# Toro arm brake/pad?



## Iowashift (Mar 7, 2018)

Been a member for about a year, more of a looker and not a poster.

Have a 1996 Toro 824 Powershift. Impeller bearing went out so in the process of repairing that and while the machine is split apart checking everything that I can't normally easily acces. By the idler/tensioner pulleys is a piece of metal and a large spring just hanging there. Checked on the parts diagram and it is identified as a arm brake. 

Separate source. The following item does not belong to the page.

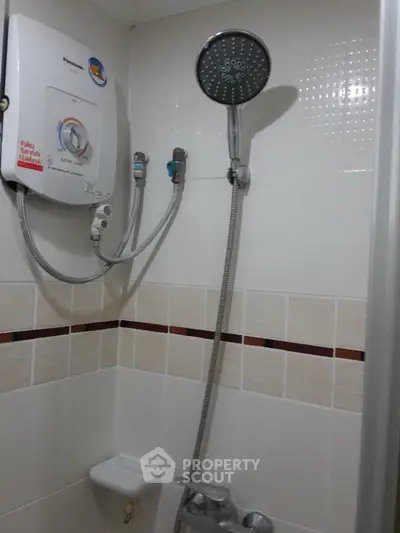 Compact bathroom shower area with water heater and modern fixtures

What does this do? The metal piece is somewhat chewed up and the pad is missing. Is it required? Looks like they are still available but would like to get the machine back together before the next snow if not critical for operating the machine.


----------



## tlshawks (Feb 9, 2018)

Not familiar with your blower, but an arm brake by an idler/tension pulley near an impeller bearing to me means something that prevents the auger from spinning. Something to the effect of when you disengage the auger clutch this stops things from spinning.

I'd say it's definitely needed as a safety device.


----------



## UNDERTAKER (Dec 30, 2013)

Iowashift said:


> Been a member for about a year, more of a looker and not a poster.
> 
> Have a 1996 Toro 824 Powershift. Impeller bearing went out so in the process of repairing that and while the machine is split apart checking everything that I can't normally easily acces. By the idler/tensioner pulleys is a piece of metal and a large spring just hanging there. Checked on the parts diagram and it is identified as a arm brake.
> 
> What does this do? The metal piece is somewhat chewed up and the pad is missing. Is it required? Looks like they are still available but would like to get the machine back together before the next snow if not critical for operating the machine.


* It When you let go of the auger lever it clamps down on the pulley and stops it Dead. It also keeps the belt from coming off of the pulley*


----------



## SnoThro (Feb 20, 2016)

You can install it later. The pulley assembly pulls out the top after removing the two half inch bolts that hold it in place. No need to disassemble anything other than removal of the belt cover.


----------